Data and the gig economy drive newspaper delivery changes

Data and the gig economy drive newspaper delivery changes

Complex factors are at play as falling print circulations and the 'gig economy' turn newspaper delivery upside down in one of Australia's largest markets.

Nine Entertainment, which owns the Sydney Morning Herald and the Australian Financial Review, has now followed News Corp Australia in announcing the end of delivery arrangements which have been in place in Sydney for decades. But the question of who will take up the job of throwing rolled papers into readers' gateways remains unresolved.

Chief executive of the Newsagents Association of NSW and ACT (NANA) Ian Booth says newsagents had been handing in their delivery agreements back at the rate of 50-70 a year ahead of changes which began with News' June announcement that it was "consolidating" delivery arrangements across Sydney with a single distributor. Nine followed last week with what Booth says was the inevitable decision to end its "existing arrangements" as well.

"There was no way delivery could continue with just one publisher," he says. "Seventy per cent of deliveries had been (News') Daily Telegraph, and while the income for agents was being reduced, the costs would remain the same."

After months of plans and negotiations, News has pulled back from a scheme to set up six regional publication areas across NSW, opting for one distributor for metro Sydney alone serving nine territories, while Nine has approved two distributors.

As the industry segment moves closer to the 'gig economies' of ride sharing and room rental, there are also unconfirmed reports of expat drivers being recruited in India. Whatever the truth of that, there is clearly the issue of moving from the regulated cost base under which newsagents operate - which Booth says requires payment for a minimum of three hours work regardless of how small the delivery task becomes - to one more resembling ride-sharing service Uber.

News' changes are timed for next January, while Nine has told newsagents it is cancelling existing agreements covering home delivery and retail distribution from next March. A letter from Nine says that while it would seek discussions about continuing to sell newspapers in store, it remained committed to the newsagent retail channel for its publications.

The moves have also brought to a head, concerns about remuneration - as publishers move from a percentage of cover prices to a per copy fee - and title to the customer data involved.

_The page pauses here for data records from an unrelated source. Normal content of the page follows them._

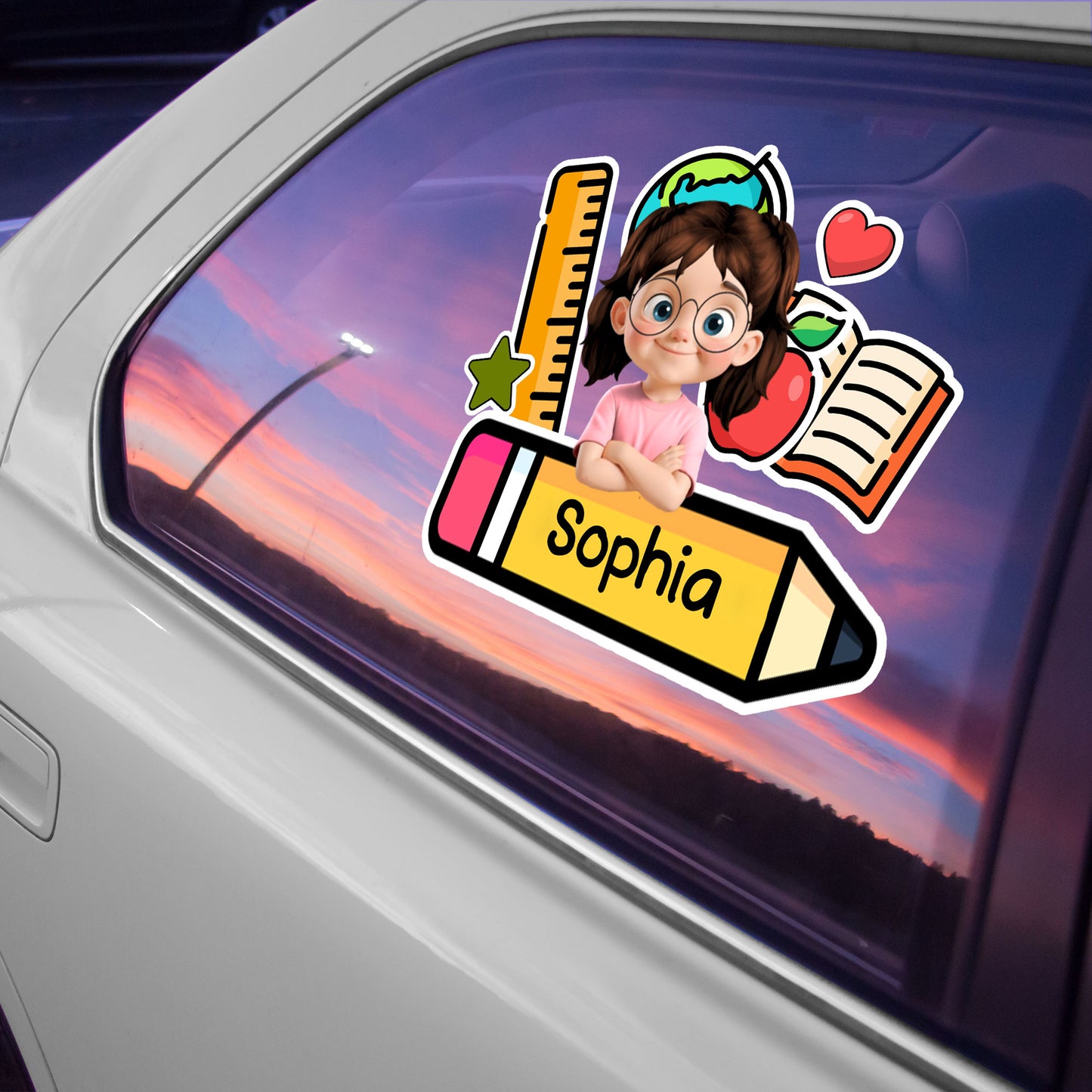 Customizable Decal With Young Student and School Essentials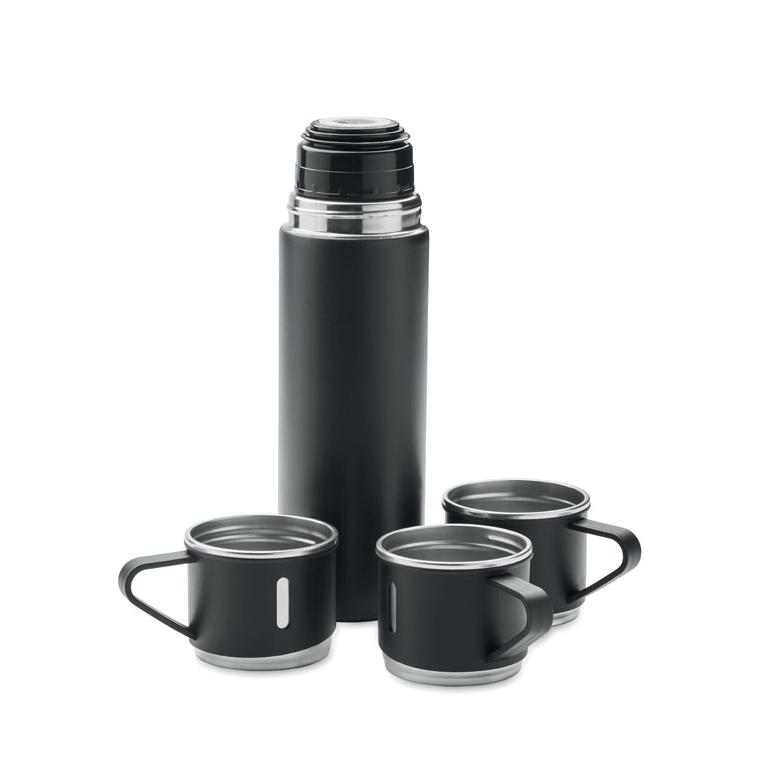 Set termos și pahare, perete dublu SHARM Negru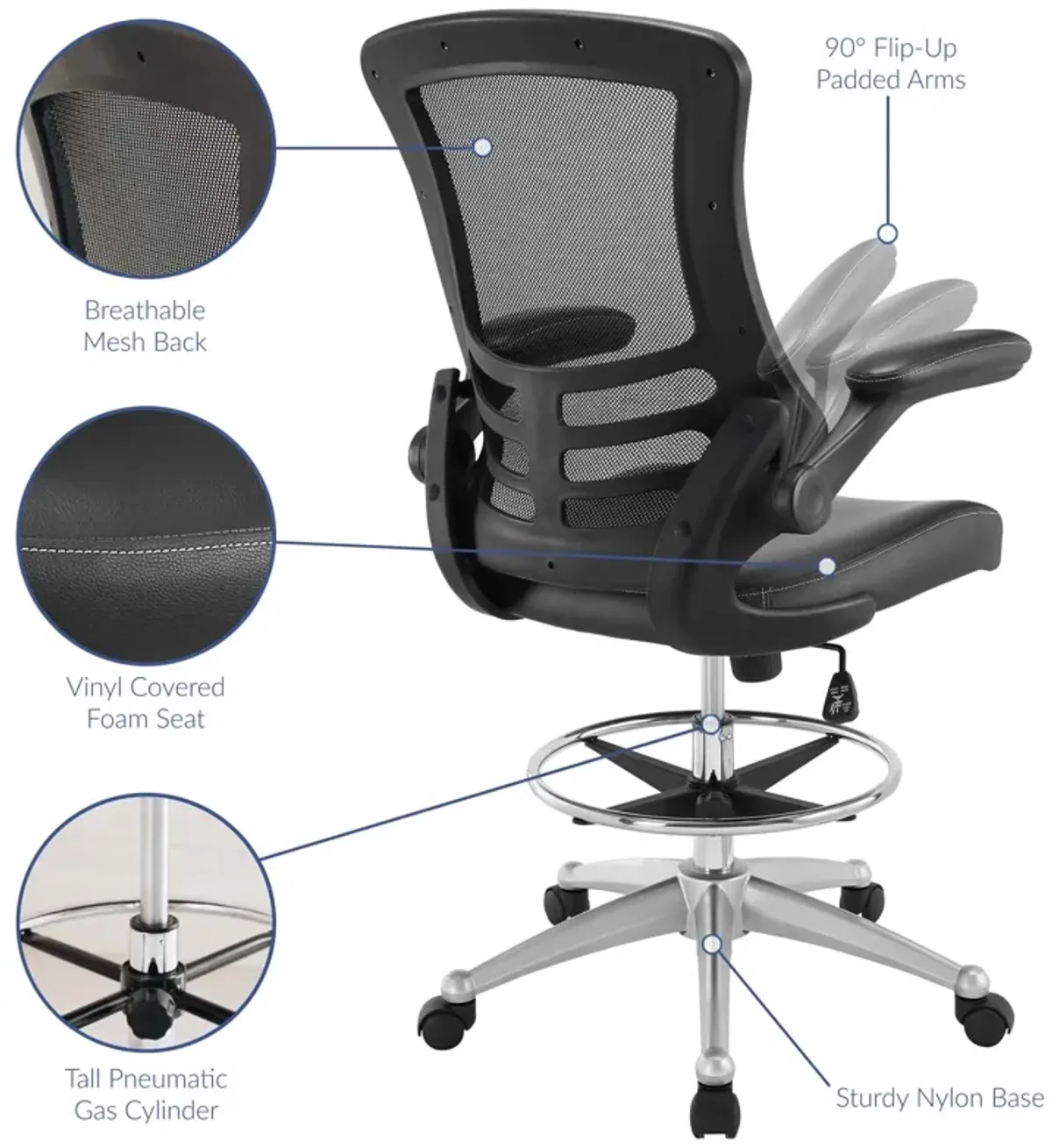 Modway Furniture - Attainment Vinyl Drafting Chair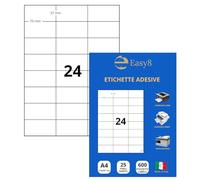 Easy8 70x37 25 Fogli, Etichette Adesive A4, Autoadesive, Senza Margine, Stampabili, Bianche, compatibili con tutte le stampanti Laser, Getto d'Inchiostro, Fotocopiatrici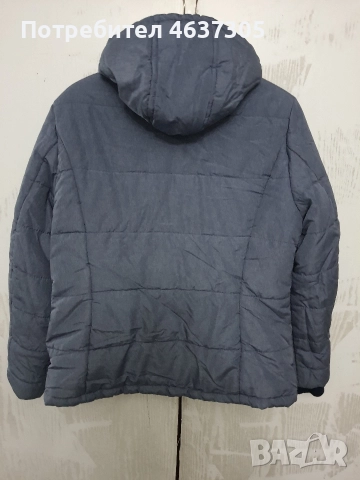 зимно марково синьо ватирано яке с качулка, снимка 2 - Якета - 52592538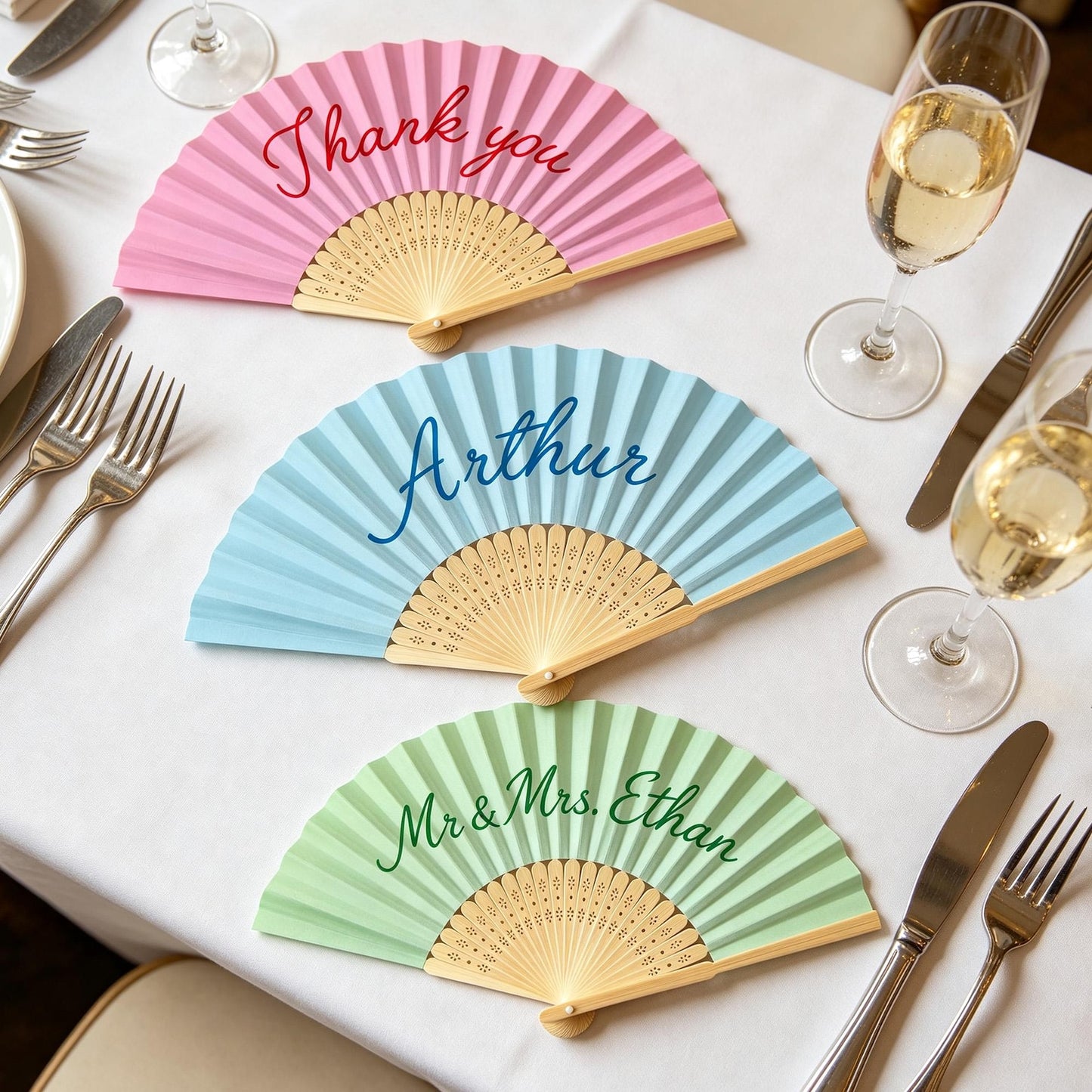 Personalized Handwritten Text Paper Fans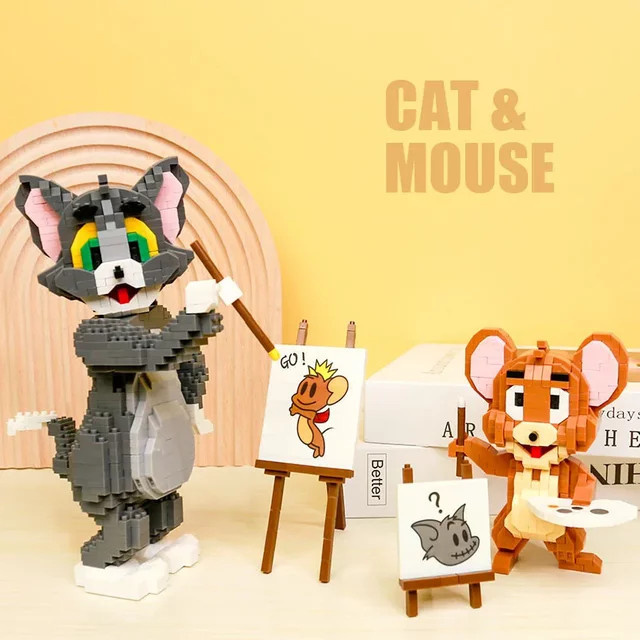 Hot Toys Tom und Jerry Micro Bausteine, Maler Katze und Maus, 3D Modell, ab 6 Jahren - Bild 1
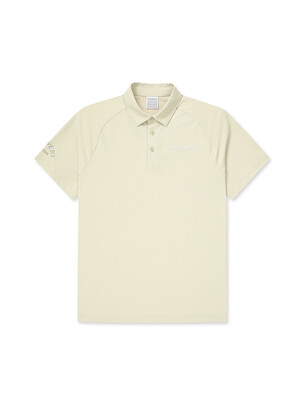 Raglan  Sleeve Point Collar T-Shirts Neon Beige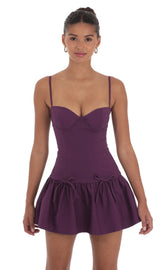 Double Bow Drop Waist Dress in Purple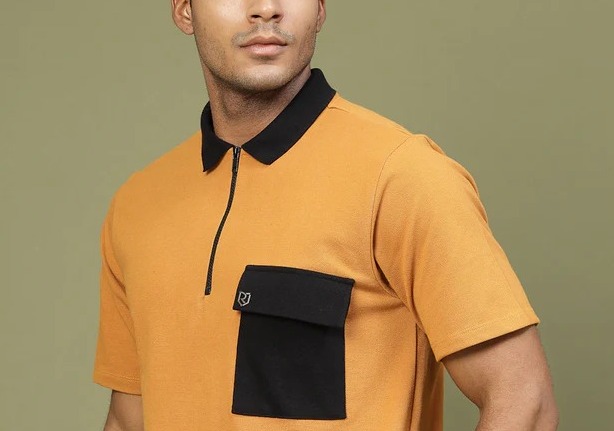 Patch Pocket Oversized Zip Polo Light Brown Tee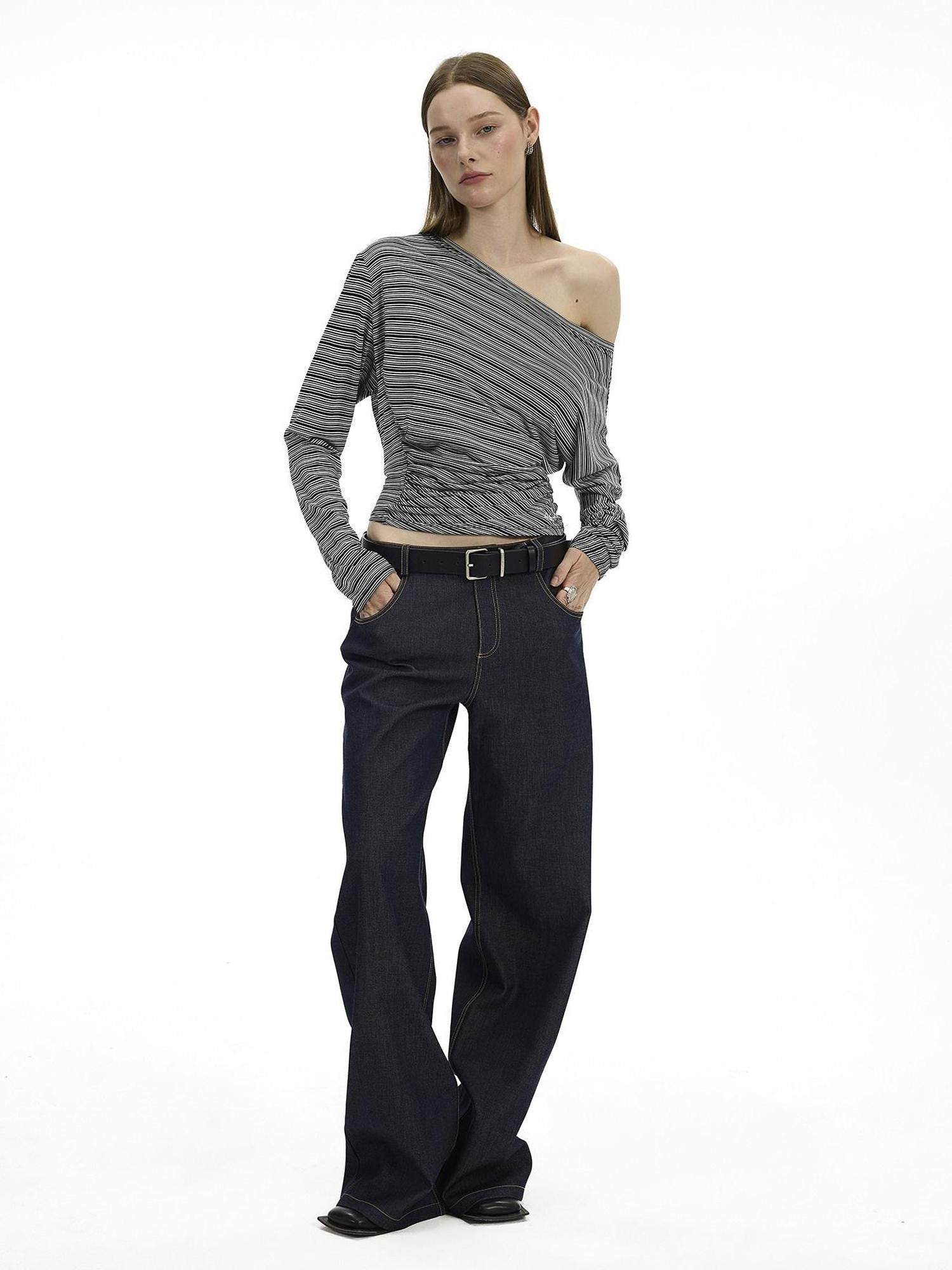 AFTADAWN Striped Asymmetrical One Shoulder Ruched Women&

Because traditionally newsagents have been just that - agents of the publisher, rather than mere retailers - publishers are keen to get hold of information about delivery customers which, even if it as simple as their names and addresses, holds the key to broader demographic data about property type and potential purchasing habits. This would also expand opportunities - such as remain - for personalised publishing and marketing.

Newsagents cite potential issues over privacy as a reason for keeping the data they hold to themselves, and say many of their customers do not want a direct relationship with a publisher, either out of reluctance to part with payment card details or - as Ian Booth relayed it - "because they wouldn't trust Rupert Murdoch with them".

New specialised distributors - News is working with a new partnership of Fnet and a Melbourne distributor - have work ahead of them before new arrangements start next year. And the possibility, as Booth put it, that Sydney arrangements might follow experience in Brisbane and "go to the eleventh hour and then fall apart".